◆ WHAT IS NEEDED
Would you transcribe word for word every line from the one containing "Kabaleeshwarar Paper Mache" to the end of the data, both ends included, and leave out the rest?

◆ THE DATA
+++
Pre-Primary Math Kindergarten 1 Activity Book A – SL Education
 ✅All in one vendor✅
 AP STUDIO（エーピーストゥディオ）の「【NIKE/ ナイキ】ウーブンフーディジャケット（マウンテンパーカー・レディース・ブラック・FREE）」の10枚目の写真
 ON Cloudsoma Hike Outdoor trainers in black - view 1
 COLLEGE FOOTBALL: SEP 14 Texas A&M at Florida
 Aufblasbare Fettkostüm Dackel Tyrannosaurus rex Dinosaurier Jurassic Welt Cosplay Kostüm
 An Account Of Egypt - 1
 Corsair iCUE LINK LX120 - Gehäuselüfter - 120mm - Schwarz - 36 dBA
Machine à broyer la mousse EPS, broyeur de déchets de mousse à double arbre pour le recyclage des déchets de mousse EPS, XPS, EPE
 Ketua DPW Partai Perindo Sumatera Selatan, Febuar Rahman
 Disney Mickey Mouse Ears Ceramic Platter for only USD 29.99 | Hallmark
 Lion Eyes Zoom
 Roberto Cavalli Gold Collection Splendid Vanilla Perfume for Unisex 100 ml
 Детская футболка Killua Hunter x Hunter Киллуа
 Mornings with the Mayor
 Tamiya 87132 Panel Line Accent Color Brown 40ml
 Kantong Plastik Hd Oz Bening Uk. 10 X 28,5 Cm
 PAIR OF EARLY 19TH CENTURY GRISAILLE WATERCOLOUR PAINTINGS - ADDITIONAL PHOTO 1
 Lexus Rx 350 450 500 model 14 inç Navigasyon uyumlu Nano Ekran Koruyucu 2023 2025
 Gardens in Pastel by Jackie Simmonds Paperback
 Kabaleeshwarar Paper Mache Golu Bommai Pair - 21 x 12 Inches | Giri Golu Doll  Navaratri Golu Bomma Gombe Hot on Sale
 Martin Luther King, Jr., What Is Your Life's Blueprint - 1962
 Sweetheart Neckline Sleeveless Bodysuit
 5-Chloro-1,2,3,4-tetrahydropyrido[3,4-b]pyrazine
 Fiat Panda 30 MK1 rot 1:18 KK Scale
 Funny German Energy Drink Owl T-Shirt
+++
◆ YOUR SOLUTION
 Kabaleeshwarar Paper Mache Golu Bommai Pair - 21 x 12 Inches | Giri Golu Doll  Navaratri Golu Bomma Gombe Hot on Sale
 Martin Luther King, Jr., What Is Your Life's Blueprint - 1962
 Sweetheart Neckline Sleeveless Bodysuit
 5-Chloro-1,2,3,4-tetrahydropyrido[3,4-b]pyrazine
 Fiat Panda 30 MK1 rot 1:18 KK Scale
 Funny German Energy Drink Owl T-Shirt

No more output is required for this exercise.